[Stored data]
·····
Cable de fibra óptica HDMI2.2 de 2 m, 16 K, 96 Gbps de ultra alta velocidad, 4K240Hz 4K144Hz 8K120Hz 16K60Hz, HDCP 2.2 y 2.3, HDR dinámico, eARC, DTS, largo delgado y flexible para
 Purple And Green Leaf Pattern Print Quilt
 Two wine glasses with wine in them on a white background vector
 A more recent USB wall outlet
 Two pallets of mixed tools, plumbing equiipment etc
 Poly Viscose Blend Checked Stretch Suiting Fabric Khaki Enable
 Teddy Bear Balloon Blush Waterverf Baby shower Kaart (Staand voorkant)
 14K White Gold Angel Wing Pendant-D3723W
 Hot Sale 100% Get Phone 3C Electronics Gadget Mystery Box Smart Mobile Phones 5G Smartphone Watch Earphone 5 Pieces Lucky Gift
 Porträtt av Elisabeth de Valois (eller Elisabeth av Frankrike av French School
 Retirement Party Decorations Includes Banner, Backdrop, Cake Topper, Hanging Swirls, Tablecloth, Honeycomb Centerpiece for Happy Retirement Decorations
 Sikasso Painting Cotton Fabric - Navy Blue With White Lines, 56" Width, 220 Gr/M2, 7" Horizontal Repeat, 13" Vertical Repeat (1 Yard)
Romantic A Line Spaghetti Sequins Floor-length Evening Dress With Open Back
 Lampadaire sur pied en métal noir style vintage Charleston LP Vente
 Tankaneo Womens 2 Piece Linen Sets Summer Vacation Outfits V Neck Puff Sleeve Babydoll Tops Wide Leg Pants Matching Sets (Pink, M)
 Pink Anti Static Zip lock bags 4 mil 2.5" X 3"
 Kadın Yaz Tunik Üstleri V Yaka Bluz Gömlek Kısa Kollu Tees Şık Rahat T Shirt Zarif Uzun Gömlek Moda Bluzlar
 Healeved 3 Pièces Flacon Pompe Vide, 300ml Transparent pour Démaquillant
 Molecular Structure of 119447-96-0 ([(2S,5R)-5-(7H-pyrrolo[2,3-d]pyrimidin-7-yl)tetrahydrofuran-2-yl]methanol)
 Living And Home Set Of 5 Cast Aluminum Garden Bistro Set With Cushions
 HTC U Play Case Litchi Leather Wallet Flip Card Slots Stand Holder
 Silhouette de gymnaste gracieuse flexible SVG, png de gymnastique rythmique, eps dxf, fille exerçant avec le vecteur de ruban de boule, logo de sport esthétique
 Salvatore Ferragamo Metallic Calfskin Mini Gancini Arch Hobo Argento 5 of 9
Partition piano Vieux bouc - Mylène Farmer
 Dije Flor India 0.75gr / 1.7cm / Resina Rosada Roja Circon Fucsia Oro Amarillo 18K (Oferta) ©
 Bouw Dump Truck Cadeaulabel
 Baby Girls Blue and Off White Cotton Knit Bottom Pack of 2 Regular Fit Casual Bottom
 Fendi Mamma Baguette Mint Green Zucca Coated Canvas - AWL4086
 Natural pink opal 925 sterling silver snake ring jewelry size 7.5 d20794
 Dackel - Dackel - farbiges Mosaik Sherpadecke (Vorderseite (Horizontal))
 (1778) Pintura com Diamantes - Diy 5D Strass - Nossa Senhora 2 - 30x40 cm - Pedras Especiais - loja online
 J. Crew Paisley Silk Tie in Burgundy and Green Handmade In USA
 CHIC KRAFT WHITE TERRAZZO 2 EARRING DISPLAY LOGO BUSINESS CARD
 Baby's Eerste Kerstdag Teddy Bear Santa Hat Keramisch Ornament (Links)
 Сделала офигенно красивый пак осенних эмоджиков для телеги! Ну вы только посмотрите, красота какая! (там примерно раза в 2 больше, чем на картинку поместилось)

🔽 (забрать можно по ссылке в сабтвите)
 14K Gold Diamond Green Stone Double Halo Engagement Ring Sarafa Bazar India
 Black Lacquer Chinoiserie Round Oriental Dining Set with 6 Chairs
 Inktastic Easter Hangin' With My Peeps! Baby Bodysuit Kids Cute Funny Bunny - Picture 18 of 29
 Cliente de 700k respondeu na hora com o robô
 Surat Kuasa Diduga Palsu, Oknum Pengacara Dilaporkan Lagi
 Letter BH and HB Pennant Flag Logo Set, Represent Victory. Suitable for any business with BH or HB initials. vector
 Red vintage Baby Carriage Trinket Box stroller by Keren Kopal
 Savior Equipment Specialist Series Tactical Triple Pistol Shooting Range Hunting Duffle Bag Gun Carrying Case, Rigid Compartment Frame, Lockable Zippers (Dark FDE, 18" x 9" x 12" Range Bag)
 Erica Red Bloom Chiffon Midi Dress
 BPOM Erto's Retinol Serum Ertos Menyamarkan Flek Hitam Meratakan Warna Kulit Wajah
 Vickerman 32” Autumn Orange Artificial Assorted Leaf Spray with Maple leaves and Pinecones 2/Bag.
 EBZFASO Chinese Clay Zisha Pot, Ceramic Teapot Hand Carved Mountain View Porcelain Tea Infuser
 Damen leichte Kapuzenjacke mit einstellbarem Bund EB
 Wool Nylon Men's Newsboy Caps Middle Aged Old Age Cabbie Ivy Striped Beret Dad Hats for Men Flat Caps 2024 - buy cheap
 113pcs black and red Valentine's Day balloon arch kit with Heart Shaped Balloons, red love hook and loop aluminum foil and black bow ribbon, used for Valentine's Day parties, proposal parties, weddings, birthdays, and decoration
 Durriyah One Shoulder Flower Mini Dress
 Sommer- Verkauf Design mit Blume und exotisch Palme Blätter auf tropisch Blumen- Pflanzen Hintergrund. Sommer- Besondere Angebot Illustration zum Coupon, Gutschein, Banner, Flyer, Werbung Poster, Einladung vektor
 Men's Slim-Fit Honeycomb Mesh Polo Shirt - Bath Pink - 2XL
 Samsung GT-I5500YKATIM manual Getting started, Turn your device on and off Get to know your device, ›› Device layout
·····
◆ **Exercise directions**
Restate each line of the records above without any deviation.

◆ **Reply to the exercise**
Cable de fibra óptica HDMI2.2 de 2 m, 16 K, 96 Gbps de ultra alta velocidad, 4K240Hz 4K144Hz 8K120Hz 16K60Hz, HDCP 2.2 y 2.3, HDR dinámico, eARC, DTS, largo delgado y flexible para
 Purple And Green Leaf Pattern Print Quilt
 Two wine glasses with wine in them on a white background vector
 A more recent USB wall outlet
 Two pallets of mixed tools, plumbing equiipment etc
 Poly Viscose Blend Checked Stretch Suiting Fabric Khaki Enable
 Teddy Bear Balloon Blush Waterverf Baby shower Kaart (Staand voorkant)
 14K White Gold Angel Wing Pendant-D3723W
 Hot Sale 100% Get Phone 3C Electronics Gadget Mystery Box Smart Mobile Phones 5G Smartphone Watch Earphone 5 Pieces Lucky Gift
 Porträtt av Elisabeth de Valois (eller Elisabeth av Frankrike av French School
 Retirement Party Decorations Includes Banner, Backdrop, Cake Topper, Hanging Swirls, Tablecloth, Honeycomb Centerpiece for Happy Retirement Decorations
 Sikasso Painting Cotton Fabric - Navy Blue With White Lines, 56" Width, 220 Gr/M2, 7" Horizontal Repeat, 13" Vertical Repeat (1 Yard)
Romantic A Line Spaghetti Sequins Floor-length Evening Dress With Open Back
 Lampadaire sur pied en métal noir style vintage Charleston LP Vente
 Tankaneo Womens 2 Piece Linen Sets Summer Vacation Outfits V Neck Puff Sleeve Babydoll Tops Wide Leg Pants Matching Sets (Pink, M)
 Pink Anti Static Zip lock bags 4 mil 2.5" X 3"
 Kadın Yaz Tunik Üstleri V Yaka Bluz Gömlek Kısa Kollu Tees Şık Rahat T Shirt Zarif Uzun Gömlek Moda Bluzlar
 Healeved 3 Pièces Flacon Pompe Vide, 300ml Transparent pour Démaquillant
 Molecular Structure of 119447-96-0 ([(2S,5R)-5-(7H-pyrrolo[2,3-d]pyrimidin-7-yl)tetrahydrofuran-2-yl]methanol)
 Living And Home Set Of 5 Cast Aluminum Garden Bistro Set With Cushions
 HTC U Play Case Litchi Leather Wallet Flip Card Slots Stand Holder
 Silhouette de gymnaste gracieuse flexible SVG, png de gymnastique rythmique, eps dxf, fille exerçant avec le vecteur de ruban de boule, logo de sport esthétique
 Salvatore Ferragamo Metallic Calfskin Mini Gancini Arch Hobo Argento 5 of 9
Partition piano Vieux bouc - Mylène Farmer
 Dije Flor India 0.75gr / 1.7cm / Resina Rosada Roja Circon Fucsia Oro Amarillo 18K (Oferta) ©
 Bouw Dump Truck Cadeaulabel
 Baby Girls Blue and Off White Cotton Knit Bottom Pack of 2 Regular Fit Casual Bottom
 Fendi Mamma Baguette Mint Green Zucca Coated Canvas - AWL4086
 Natural pink opal 925 sterling silver snake ring jewelry size 7.5 d20794
 Dackel - Dackel - farbiges Mosaik Sherpadecke (Vorderseite (Horizontal))
 (1778) Pintura com Diamantes - Diy 5D Strass - Nossa Senhora 2 - 30x40 cm - Pedras Especiais - loja online
 J. Crew Paisley Silk Tie in Burgundy and Green Handmade In USA
 CHIC KRAFT WHITE TERRAZZO 2 EARRING DISPLAY LOGO BUSINESS CARD
 Baby's Eerste Kerstdag Teddy Bear Santa Hat Keramisch Ornament (Links)
 Сделала офигенно красивый пак осенних эмоджиков для телеги! Ну вы только посмотрите, красота какая! (там примерно раза в 2 больше, чем на картинку поместилось)

🔽 (забрать можно по ссылке в сабтвите)
 14K Gold Diamond Green Stone Double Halo Engagement Ring Sarafa Bazar India
 Black Lacquer Chinoiserie Round Oriental Dining Set with 6 Chairs
 Inktastic Easter Hangin' With My Peeps! Baby Bodysuit Kids Cute Funny Bunny - Picture 18 of 29
 Cliente de 700k respondeu na hora com o robô
 Surat Kuasa Diduga Palsu, Oknum Pengacara Dilaporkan Lagi
 Letter BH and HB Pennant Flag Logo Set, Represent Victory. Suitable for any business with BH or HB initials. vector
 Red vintage Baby Carriage Trinket Box stroller by Keren Kopal
 Savior Equipment Specialist Series Tactical Triple Pistol Shooting Range Hunting Duffle Bag Gun Carrying Case, Rigid Compartment Frame, Lockable Zippers (Dark FDE, 18" x 9" x 12" Range Bag)
 Erica Red Bloom Chiffon Midi Dress
 BPOM Erto's Retinol Serum Ertos Menyamarkan Flek Hitam Meratakan Warna Kulit Wajah
 Vickerman 32” Autumn Orange Artificial Assorted Leaf Spray with Maple leaves and Pinecones 2/Bag.
 EBZFASO Chinese Clay Zisha Pot, Ceramic Teapot Hand Carved Mountain View Porcelain Tea Infuser
 Damen leichte Kapuzenjacke mit einstellbarem Bund EB
 Wool Nylon Men's Newsboy Caps Middle Aged Old Age Cabbie Ivy Striped Beret Dad Hats for Men Flat Caps 2024 - buy cheap
 113pcs black and red Valentine's Day balloon arch kit with Heart Shaped Balloons, red love hook and loop aluminum foil and black bow ribbon, used for Valentine's Day parties, proposal parties, weddings, birthdays, and decoration
 Durriyah One Shoulder Flower Mini Dress
 Sommer- Verkauf Design mit Blume und exotisch Palme Blätter auf tropisch Blumen- Pflanzen Hintergrund. Sommer- Besondere Angebot Illustration zum Coupon, Gutschein, Banner, Flyer, Werbung Poster, Einladung vektor
 Men's Slim-Fit Honeycomb Mesh Polo Shirt - Bath Pink - 2XL
 Samsung GT-I5500YKATIM manual Getting started, Turn your device on and off Get to know your device, ›› Device layout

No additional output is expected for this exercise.